Consider just two of the states analyzed in The Western Way report – South Dakota and Arizona – which have some of the most reliable power grids in the country.
In South Dakota, the number one source of electricity is wind (58%), followed by hydropower (22%) and natural gas (11%), with coal and other sources making up the remainder. When working together, these sources make South Dakota’s grid the 2nd most reliable in the country.
But in Arizona, the top source of electricity is natural gas (45%), followed by nuclear (27%) and solar (13%), with coal and hydropower making up most of the balance. Arizona also has more than 2 gigawatts of battery storage capacity, which allows solar power generated during the day to be used after the sun goes down.

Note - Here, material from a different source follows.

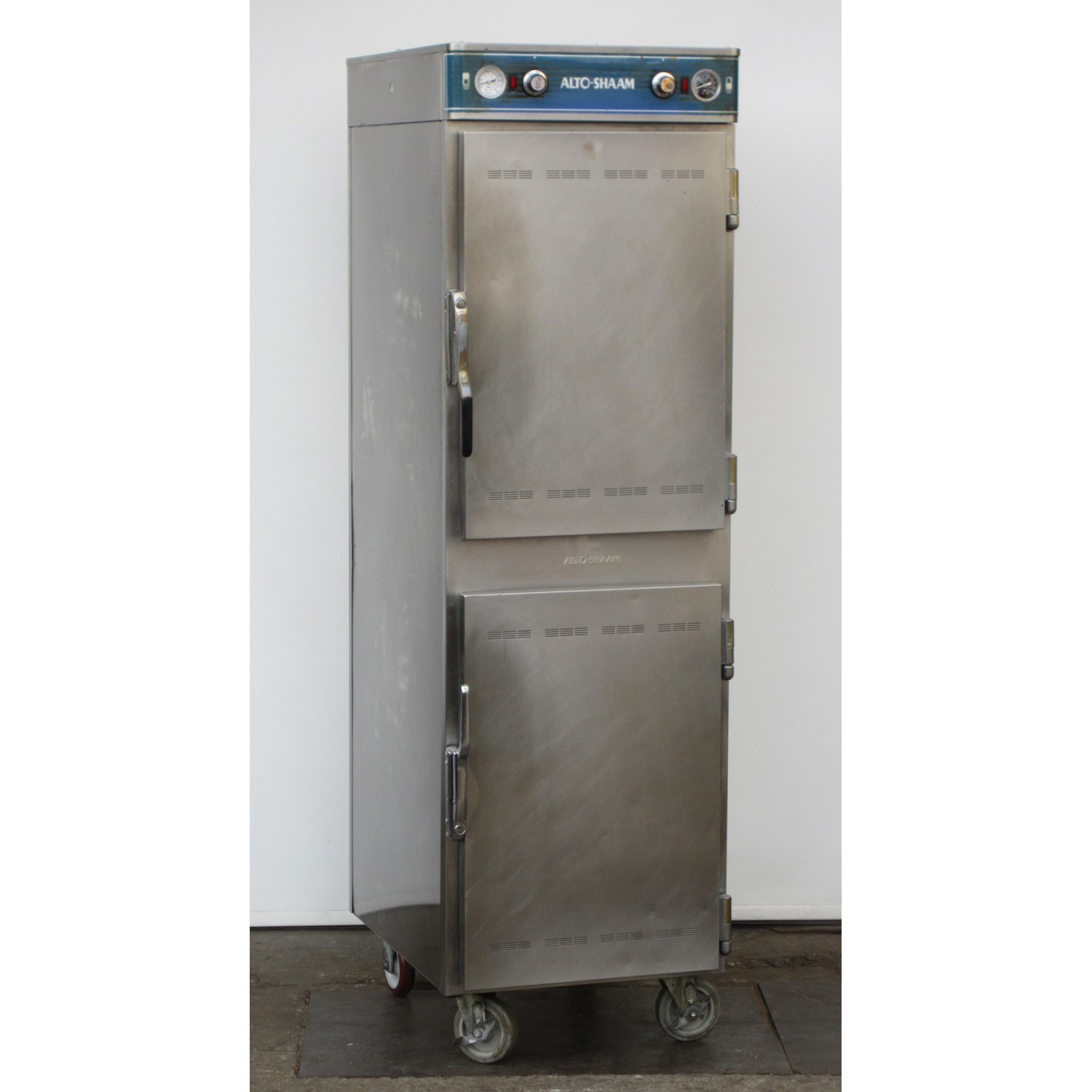 Alto Shaam 1000-UP Double Hot Holding Cabinet, Used Very Good Condition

Despite looking nothing like South Dakota, the Arizona power grid is also highly reliable, ranked 3rd in the country – and the reliability difference between the two states is less than 0.001%.
Two very different models for keeping the lights on. Both highly effective.
But that’s not all. The Western Way report also finds that the Trump administration’s policy on energy is a lot more nuanced than the mainstream media would have you believe.
Back in July, the U.S. Department of Energy published a study outlining what it will take to keep America’s power grid stable by the end of the decade if the nation’s rising appetite for energy – led by data centers and the reshoring of manufacturing – continues.
The study called for the continued operation of coal and natural gas-fired power plants that have previously been slated for retirement. While most media coverage of the DOE study focused on that recommendation, there was much, much more to the story.
Keeping older plants running longer would close less than a third of the looming reliability gap. The rest of the gap would have to be closed with a range of different energy sources, including 187 gigawatts of solar, wind and battery storage, according to the DOE.
For scale, those projections would increase U.S. renewable electricity capacity by around 40% and the nation’s battery storage by more than 80%, according to September data from the EIA.
The lesson from states like South Dakota and Arizona is that energy decisions cannot be made based on broad-brush national arguments.
Yes, the Trump administration and Republicans in Congress opposed federal tax subsidies for wind and solar and started to phase them out. But tax policy is a completely separate conversation from the engineering reality of keeping a regional grid running during a blizzard or a heatwave.
As we face a future of higher demand, no energy source should be sidelined because of rhetoric that doesn’t reflect conditions on the ground. A stable power grid requires a mix of energy sources working together as efficiently as possible – in other words, “all of the above.”
If we truly care about keeping the lights on, let’s stop fighting over the “right” kind of energy and embrace the idea of building a grid that uses it all.
Greg Brophy is a former Republican state senator from Colorado and a fourth-generation corn and melon farmer. He serves as the Rural Energy Network Director of The Western Way.